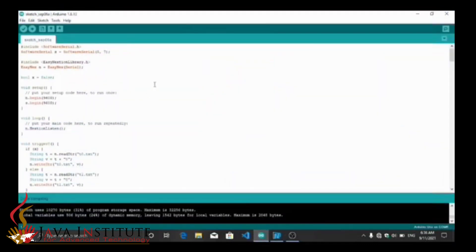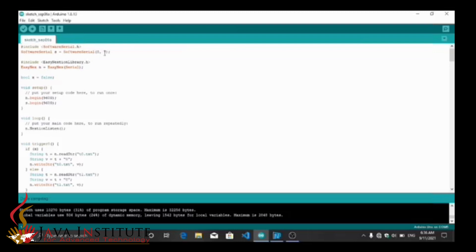Let's check the code. Here I add the software serial library and use the Nextion library. By this line I create the software serial object to create the software serial port — in these brackets I mention the RX pin and the TX pin.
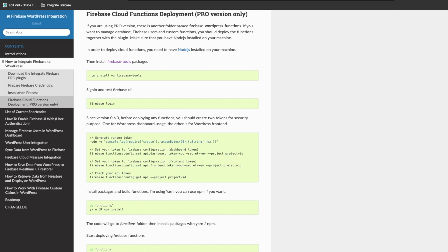Welcome everyone to TechCater. In this series I'm going to show you how to integrate Firebase to WordPress. In this video we're going to cover the session that will help you to deploy Firebase functions to your Firebase project.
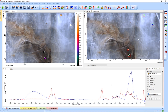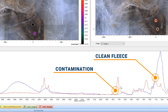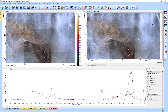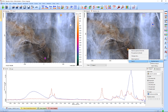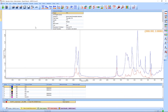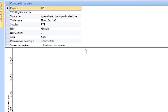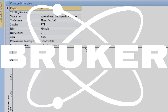Now with the measurement finished, we can see that the clean areas on the fleece have a very different IR spectra from the spots with contamination. To figure out what those stains are, we can compare the spectrum to the reference library. This search shows us that the stain is a typical thermoplastic elastomer. Now we can use this information to determine what caused this contamination in the first place.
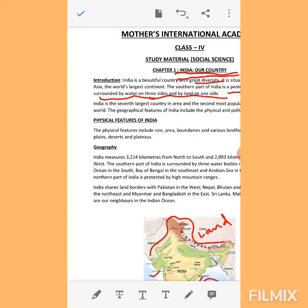The southern part of India is surrounded by three water bodies: Bay of Bengal, Arabian Sea, and Indian Ocean. India shares land borders with neighboring countries. The neighboring countries are Pakistan, Nepal, Bhutan, China, Myanmar, Bangladesh, and in the Indian Ocean — Maldives, Sri Lanka, and Indonesia.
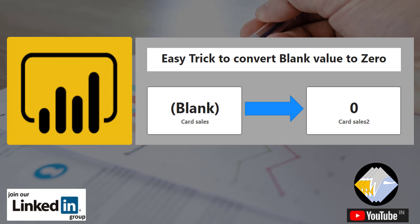Welcome guys, today we are going to learn a very easy trick that can convert a blank value to zero. Let's dig in.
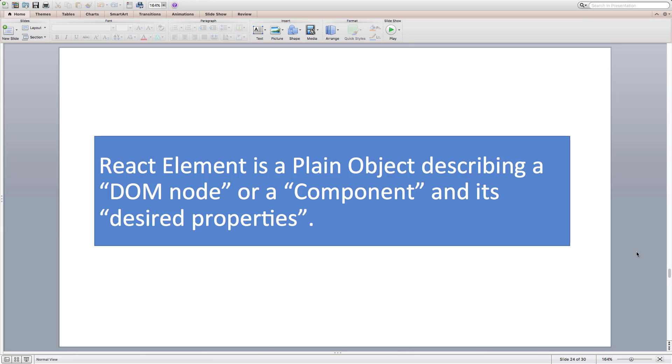Now that we understand what a React element is, let's try to understand component and component instance.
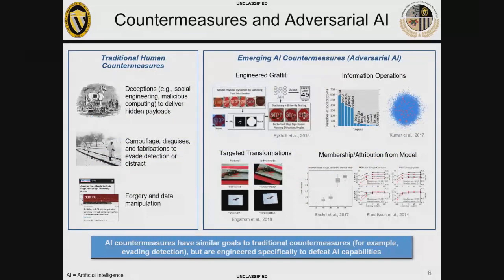This AI technology is here now — not just emerging. It can really help make an impact across many different domains in the DOD. But there's also a lot of opportunity for adversaries to attack these systems in new, unique, and novel ways. We really need to understand the AI approaches and the different attack vectors to identify adequate defenses. The key here, again, is resiliency. When we think about countermeasures — an action or device designed to counter or negate an opposing force — traditional human countermeasures include deception to deliver hidden payloads, camouflage or disguises to evade detection, and forgery and data manipulation to replicate desired functionality.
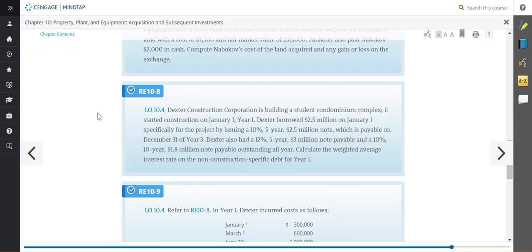In this example video, we're going to go over review exercises 10-8 through 10-11, looking at what happens when we are doing construction and we borrow on a loan to pay for that construction. In review exercise 10-8, Dexter Construction Company is building a student condominium complex. They started construction on January 1st, year one, and borrowed $2.5 million specifically for the project by issuing a 10% five-year $2.5 million note payable on December 31st of year three. They also had a 12% five-year $3 million note payable and a 10% ten-year $1.8 million note payable outstanding all year. Those two other notes were not specific to this student condo complex — the first one is.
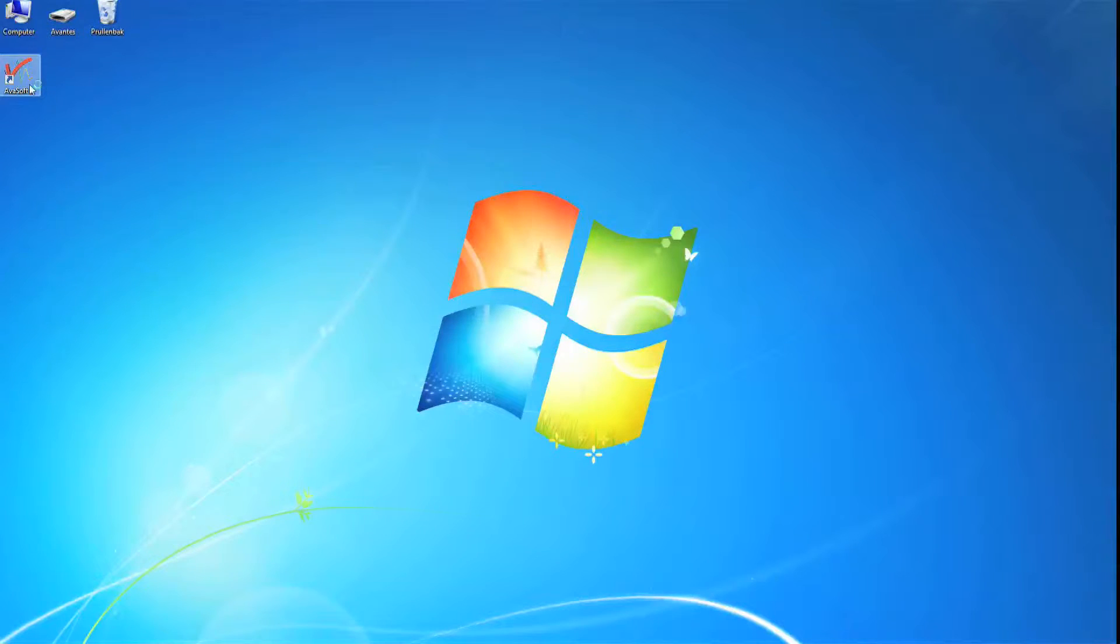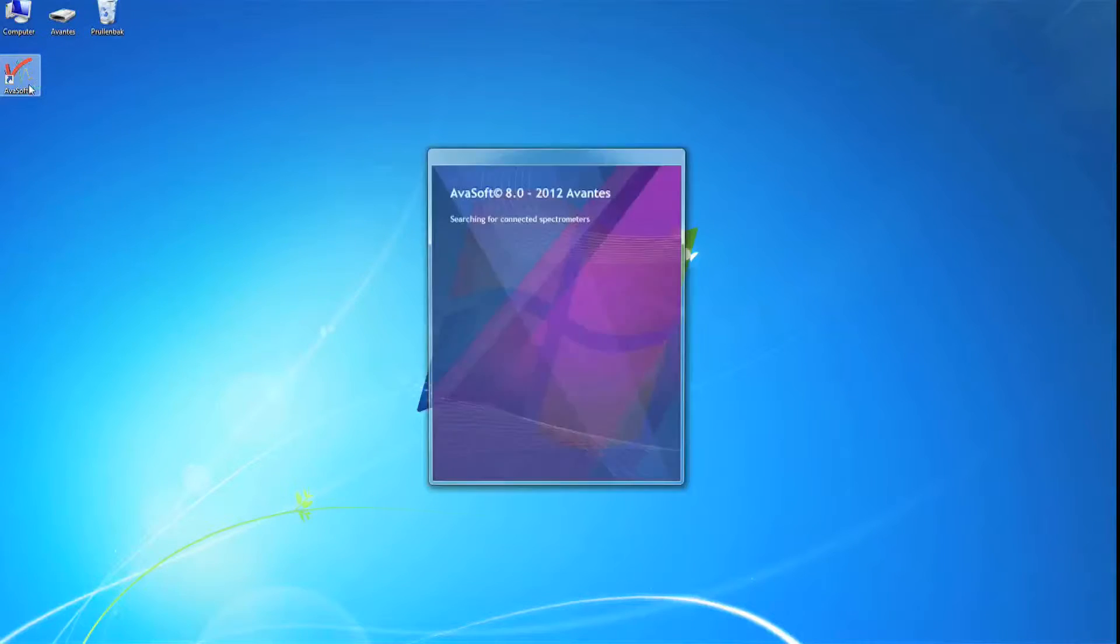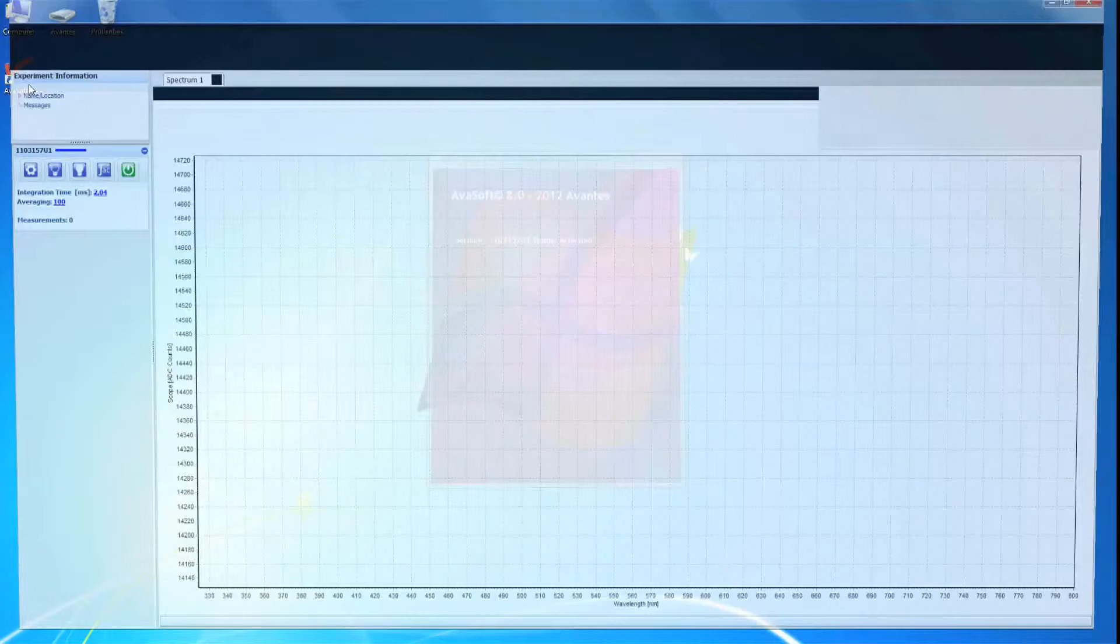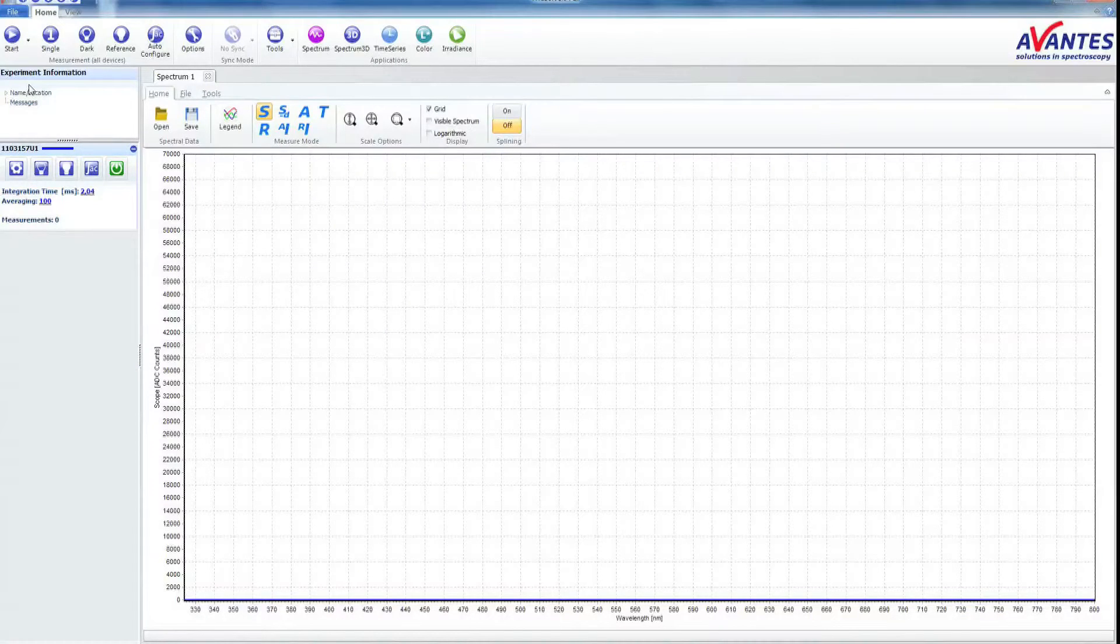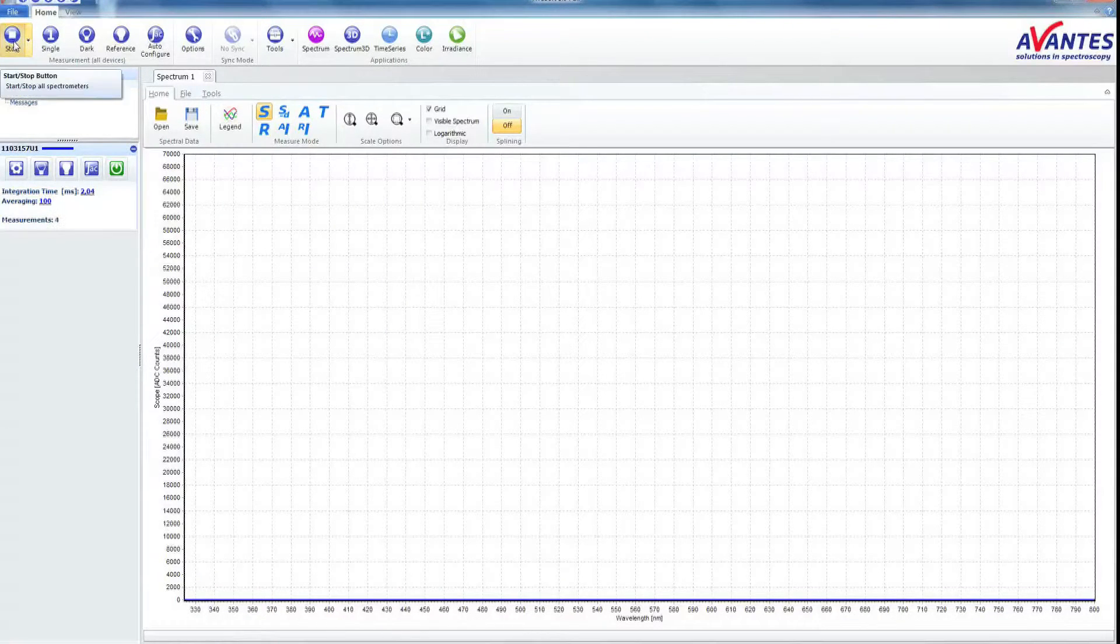Start up Avasoft 8. To start a measurement, click Start in the upper left corner.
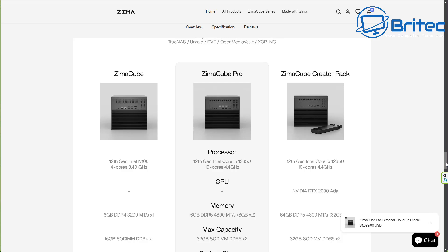So check out the links in the video description for more information about the Zimacube Pro. My name has been Brian from BriTechComputers.co.uk. Thanks again and I shall catch you in the next video. Bye for now.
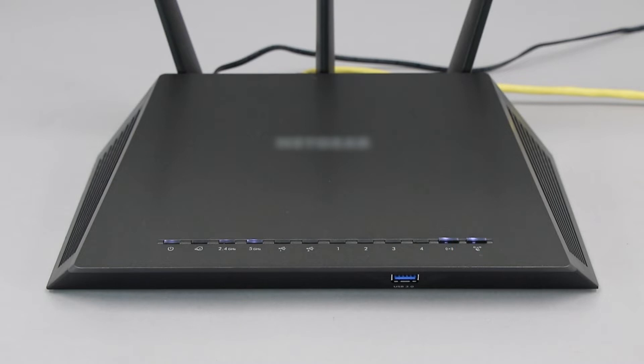If your router does not have a WPS button, you'll need to use an alternative method for wireless setup. Click the link on the screen to see other ways to connect.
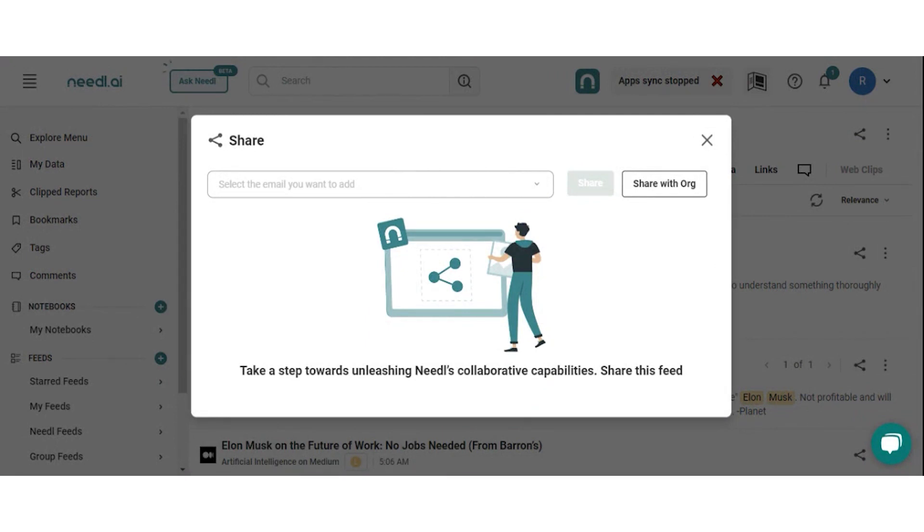If the person you're sharing the feed with is not on needle.ai, you will send them an invitation to create an account and then get the feed that you've shared.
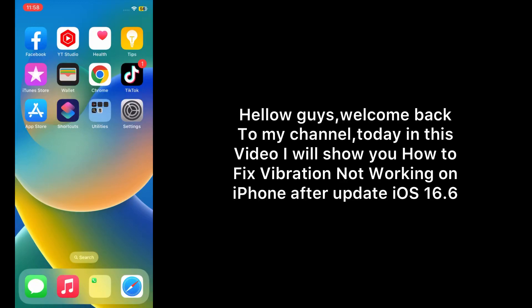Hello guys, welcome back to my channel. Today in this video I will show you how to fix vibration not working on iPhone after update iOS 16.6. First of all, subscribe to my YouTube channel and press the bell icon to get new tech videos. Now let's start the video.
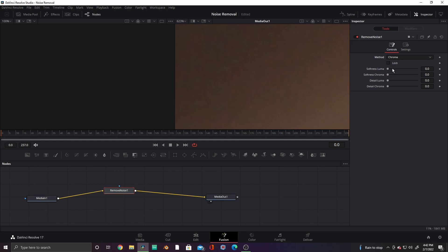Once you click on Chroma, there are all these fancy settings, but to make it a whole lot simpler, just hit Lock. This will show you just two levels, Softness and Detail. These settings don't really need to be explained, so just experiment with them until you get the result you want.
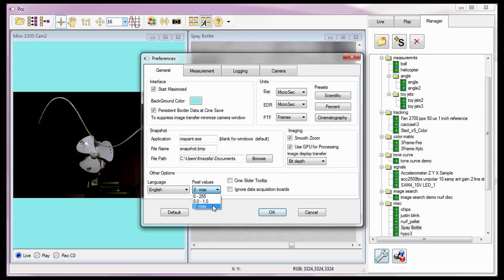8 bits would be displayed as a range between 0 and 255, 10 bits between 0 and 1024, and 12 bits 0 and 4096.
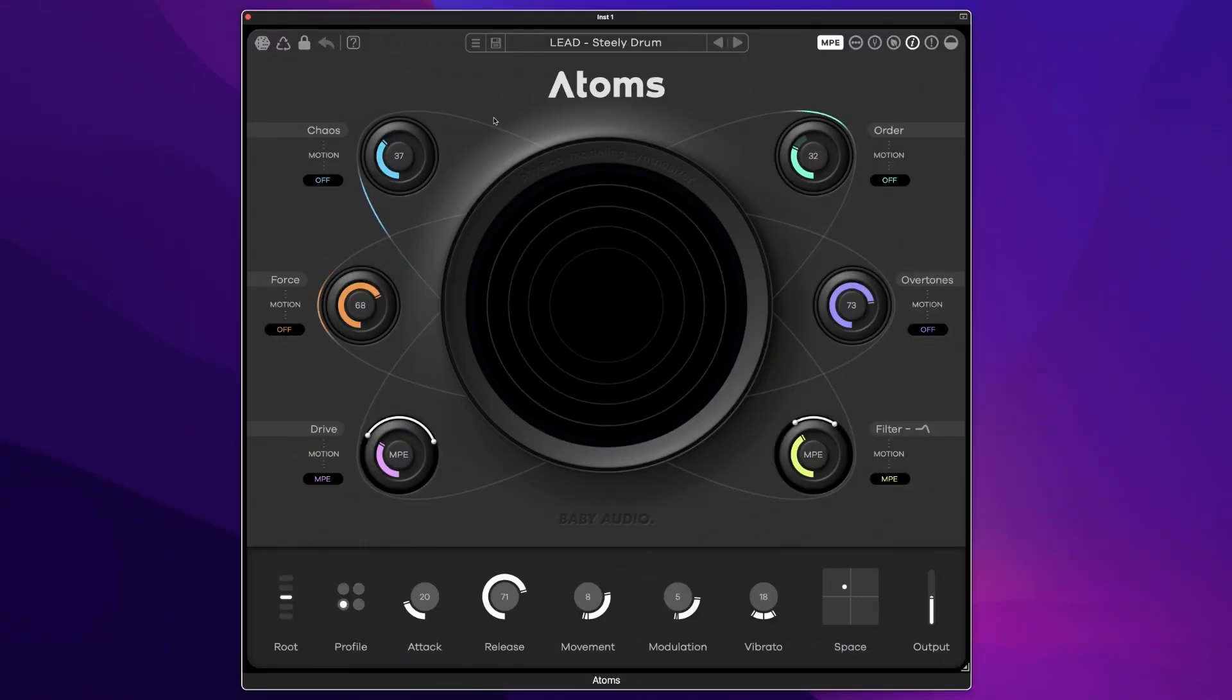Powerful and melodic lead sounds are also possible, like this Steely Drum lead sound.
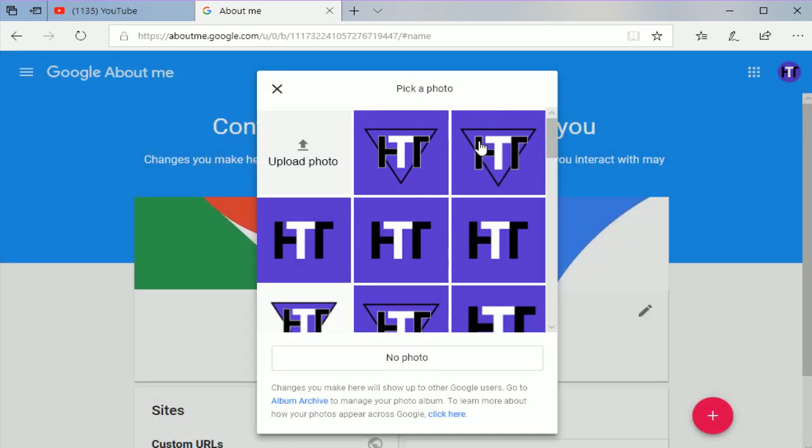And then you can pick a photo from one that you've uploaded in the past, or you can upload a new photo from your computer and use that as your profile picture. And then you should be set and ready to go with your new profile picture.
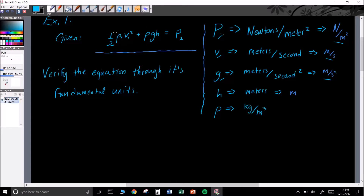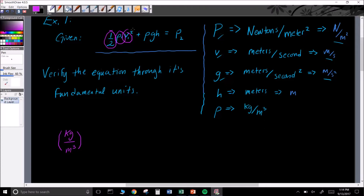The first thing I see is this one-half coefficient. Remember from a few classes ago — any coefficients like a 2, 0.5, or any number in front of a variable, we can just ignore it. So my next thing is rho, which is in kilograms per meter cubed. Next I have v, and it is squared — that's very important. V is in meters per second, and it is squared. Then I have rho times g times h.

What the task asks: Only the lines from the first line of the data above through the line with "Now with the" should appear in the answer, retyped exactly, with every picture left out.

Task answer:
Let's check the code. Here I add the software serial library and use the Nextion library. By this line I create the software serial object to create the software serial port — in these brackets I mention the RX pin and the TX pin.
Welcome everyone to TechCater. In this series I'm going to show you how to integrate Firebase to WordPress. In this video we're going to cover the session that will help you to deploy Firebase functions to your Firebase project.
Now with the measurement finished, we can see that the clean areas on the fleece have a very different IR spectra from the spots with contamination. To figure out what those stains are, we can compare the spectrum to the reference library. This search shows us that the stain is a typical thermoplastic elastomer. Now we can use this information to determine what caused this contamination in the first place.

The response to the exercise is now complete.